To clarify why I think two-boxing is the right choice, I would propose a real life experiment. Let’s say we developed a survey, which, by asking people various questions about logic or the paranormal etc..., we use to classify them into one-boxers or two-boxers. The crux of the setup is, all the volunteers we take have never heard of the Newcomb Paradox; we make up any reason we want for them to take the survey. THEN, having already placed money or no money in box B, we give them the story about Omega and let them make the choice. Hypothetically, our survey could be 100% accurate; even if not it may be very accurate such that many of our predicted one-boxers will be glad to find their choice rewarded. In essence, they cannot “precommit” and their choice won’t magically change the contents of the box (based on a human survey). They also cannot go back and convince themselves to cheat on our survey—it’s impossible—and that is how Omega is supposed to operate. The point is, from the experimental point of view, every single person would make more from taking both boxes, because at the time of choice there’s always the extra $1000 in box A.
The key point you’ve missed in your analysis, however, is that Omega is almost always correct in his predictions.

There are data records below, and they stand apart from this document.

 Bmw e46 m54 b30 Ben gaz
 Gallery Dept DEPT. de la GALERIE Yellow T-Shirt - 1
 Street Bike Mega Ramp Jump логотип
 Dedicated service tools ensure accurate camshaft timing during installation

It doesn’t matter how Omega does it—that is a separate problem. You don’t have enough information about his process of prediction to make any rational judgment about it except for the fact that it is a very, very good process. Brain scans, reversed causality, time travel, none of those ideas matter. In the paradox as originally posed, all you have are guesses about how he may have done it, and you would be an utter fool to give higher weight to those guesses than to the fact that Omega is always right.
The if observations (that Omega is always right) disagree with theory (that Omega cannot possibly be right), it is the theory that is wrong, every time.

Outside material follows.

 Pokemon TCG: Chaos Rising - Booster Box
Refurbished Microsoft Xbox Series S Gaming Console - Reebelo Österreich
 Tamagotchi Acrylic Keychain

Thus the rational agent should, in this situation, give extremely low weight to his understanding of the way the universe works, since it is obviously flawed (the existence of a perfect predictor proves this). The question really comes down to 100% chance of getting $1000 plus a nearly 0% chance of getting $1.01 million, vs nearly 100% chance of getting $1 million.
What really blows my mind about making the 2-box choice is that you can significantly reduce Omega’s ability to predict the outcome, and unless you are absolutely desperate for that $1000* the 2-box choice doesn’t become superior until Omega is only roughly 50% accurate (at 50.1% the outcome equalizes). Only then do you expect to get more money, on average, by choosing both boxes.
In other words, if you think Omega is doing anything but flipping a coin to determine the contents of box B, you are better off choosing box B.
*I could see the value of $1000 rising significantly if, for example, a man is holding a gun to your head and will kill you in two minutes if you don’t give him $1000. In this case, any uncertainty of Omega’s abilities are overshadowed by the certainty of the $1000. This inverts if the man with the gun is demanding more than $1000 - making the 2-box choice a non-option.